◆ YOUR ASSIGNMENT ◆
Each record that comes next should be output exactly; pictures do not belong in the copy.
------ SOURCE MATERIAL
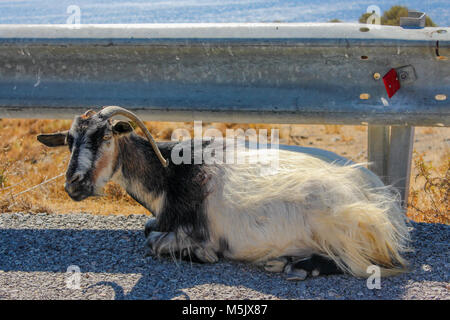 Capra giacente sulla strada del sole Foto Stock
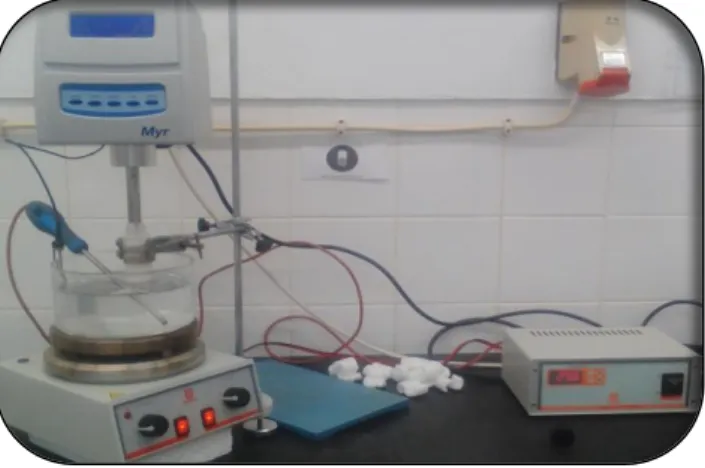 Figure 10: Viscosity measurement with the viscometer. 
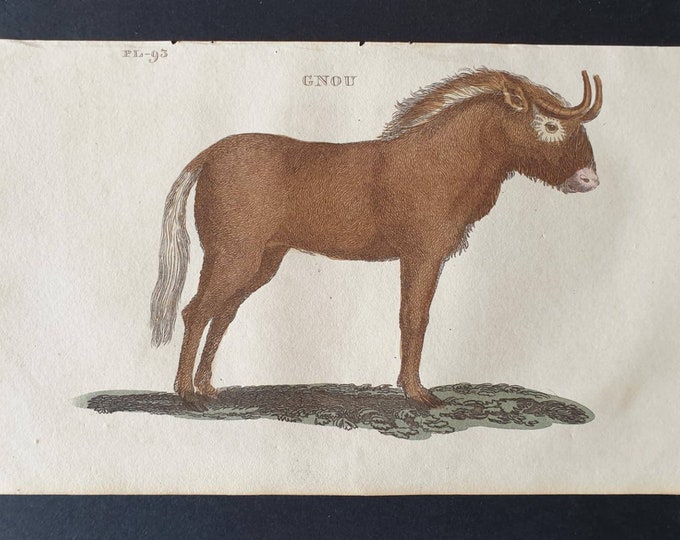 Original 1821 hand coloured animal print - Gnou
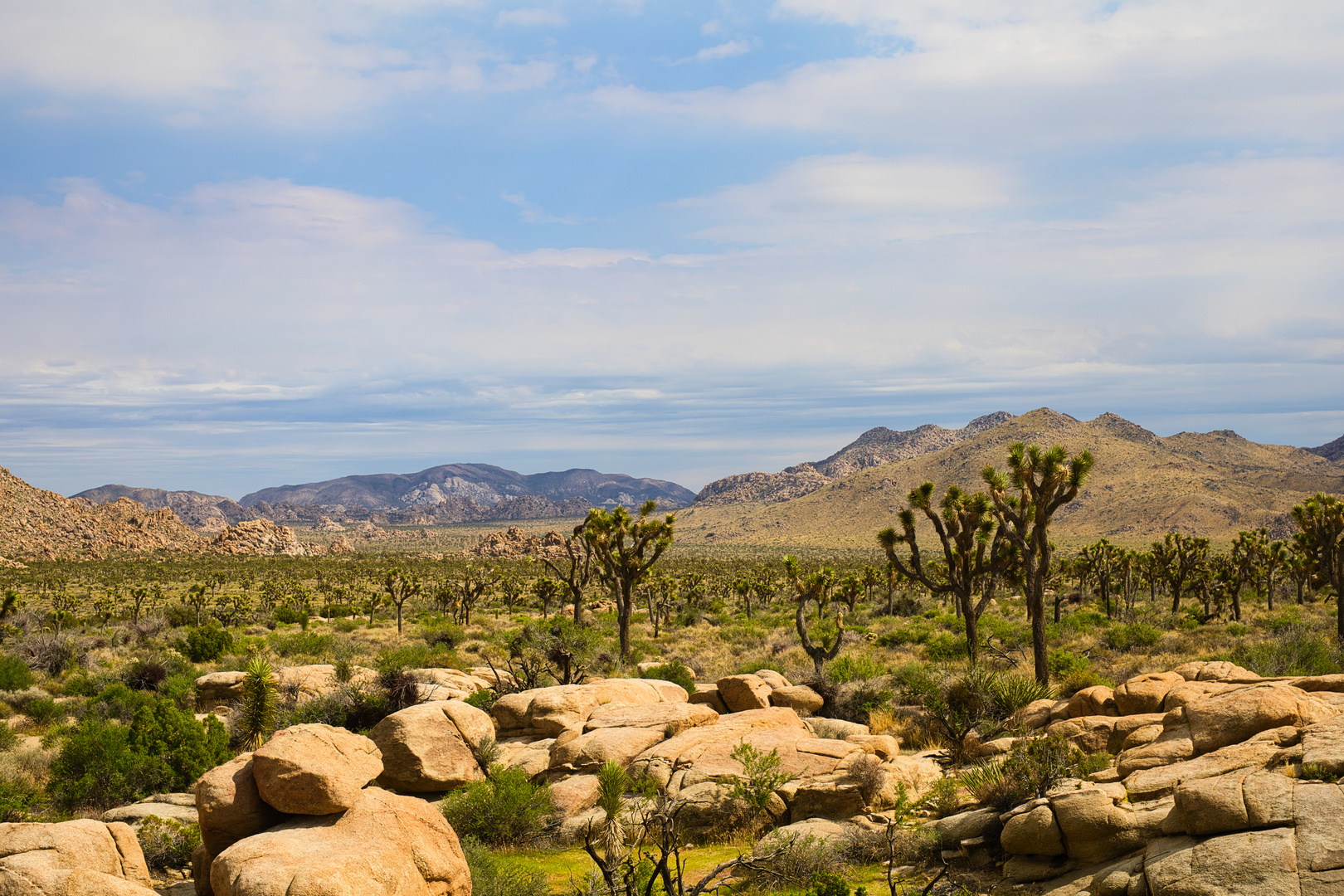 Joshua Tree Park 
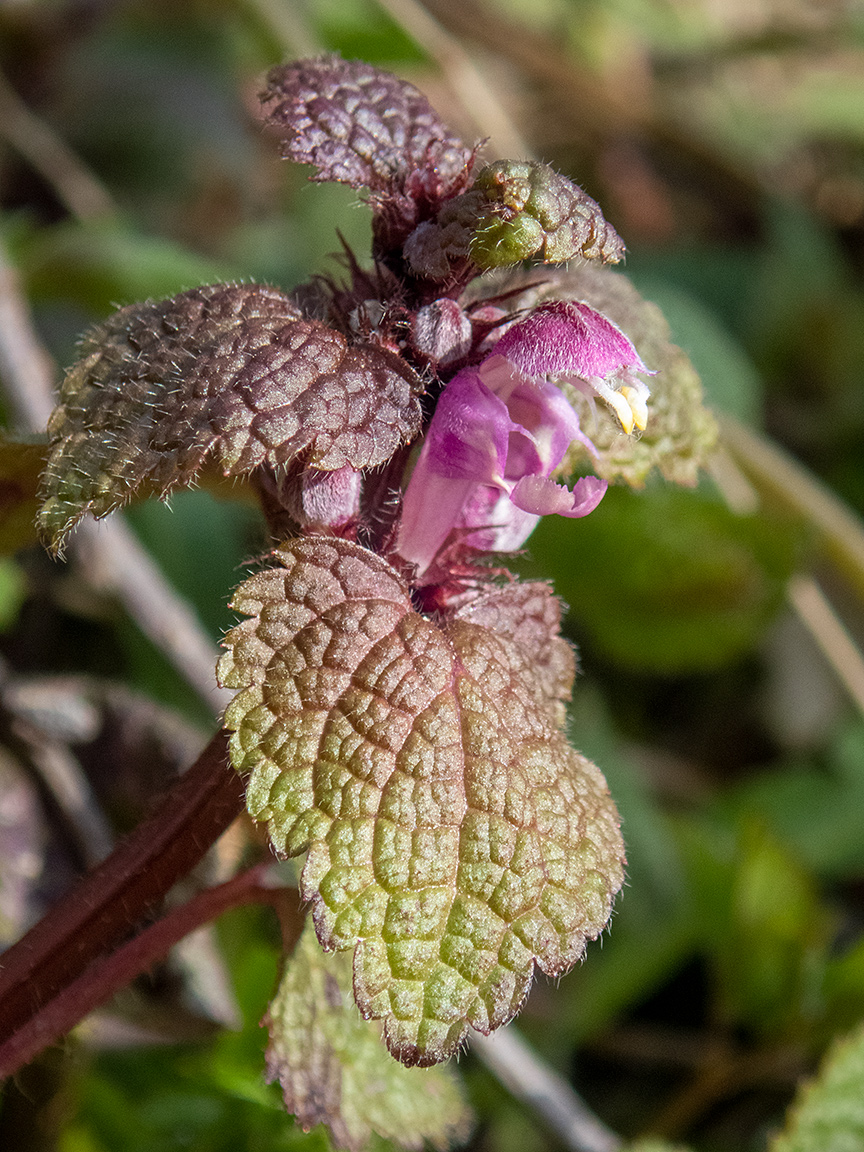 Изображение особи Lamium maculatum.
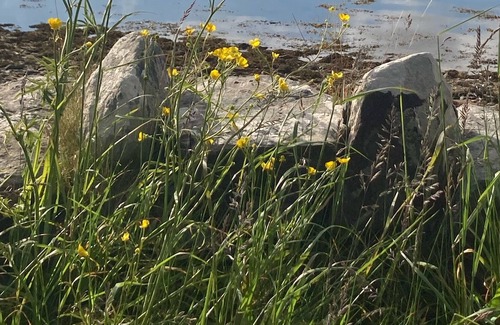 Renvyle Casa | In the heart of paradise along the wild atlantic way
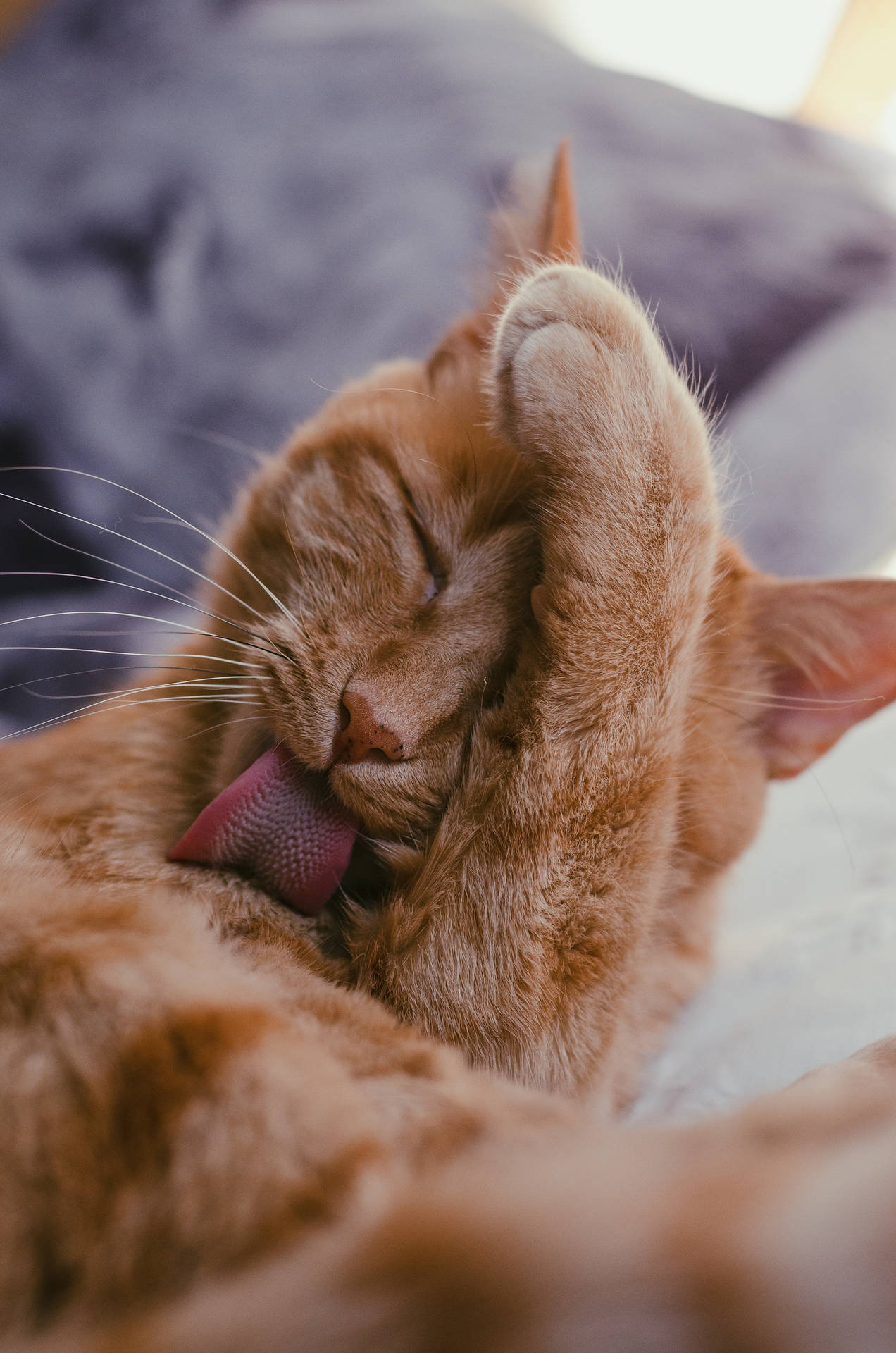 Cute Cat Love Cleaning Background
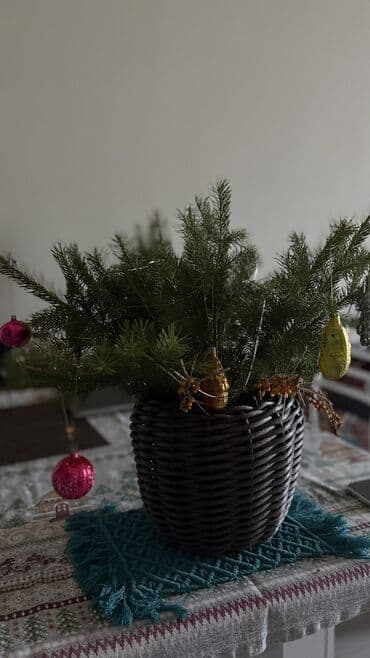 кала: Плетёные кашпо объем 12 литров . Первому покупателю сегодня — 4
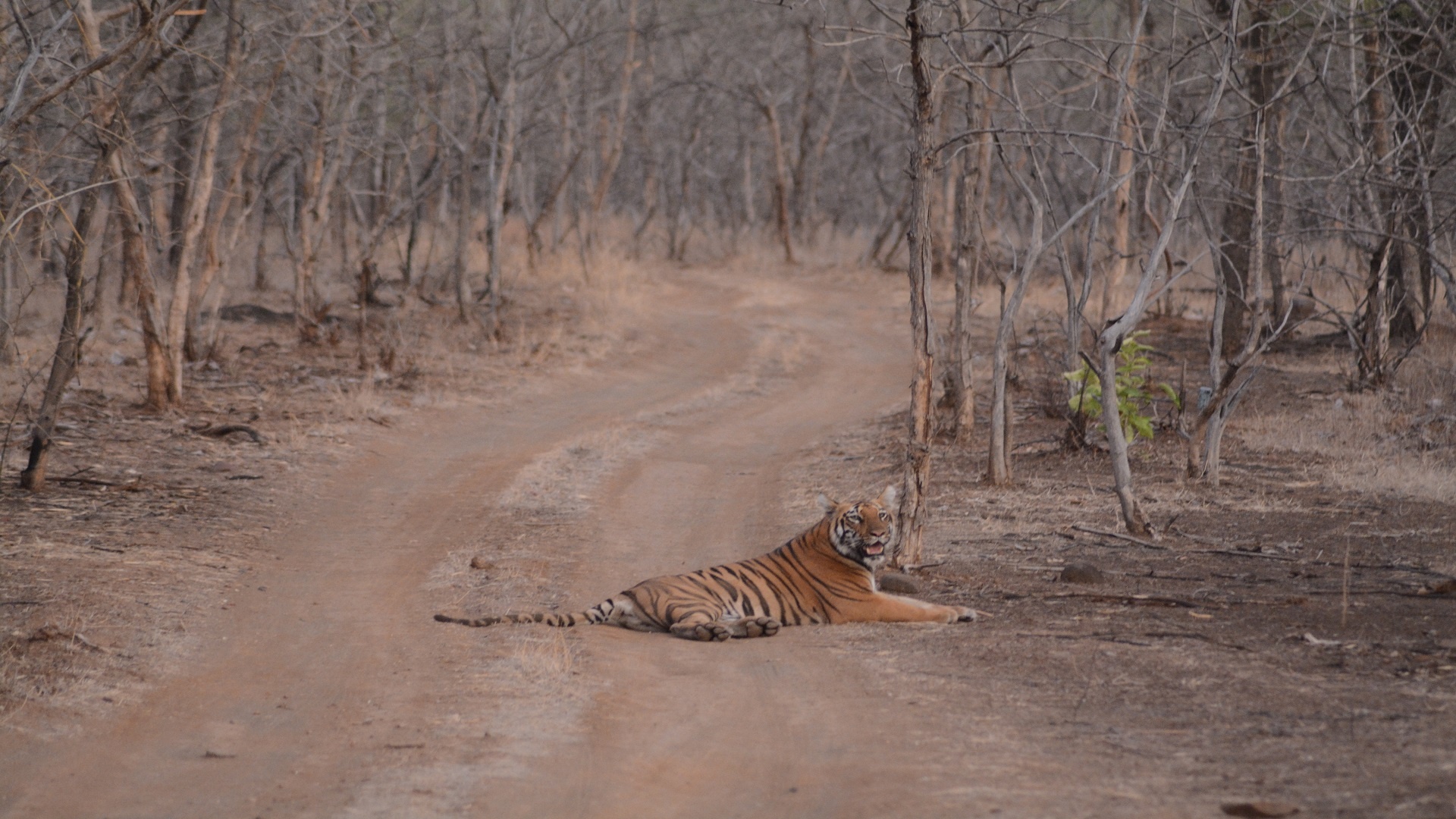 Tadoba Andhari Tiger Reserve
------------
◆ REPLY ◆
 Capra giacente sulla strada del sole Foto Stock
 Figure 10: Viscosity measurement with the viscometer. 
 Original 1821 hand coloured animal print - Gnou
 Joshua Tree Park 
 Изображение особи Lamium maculatum.
 Renvyle Casa | In the heart of paradise along the wild atlantic way
 Cute Cat Love Cleaning Background
 кала: Плетёные кашпо объем 12 литров . Первому покупателю сегодня — 4
 Tadoba Andhari Tiger Reserve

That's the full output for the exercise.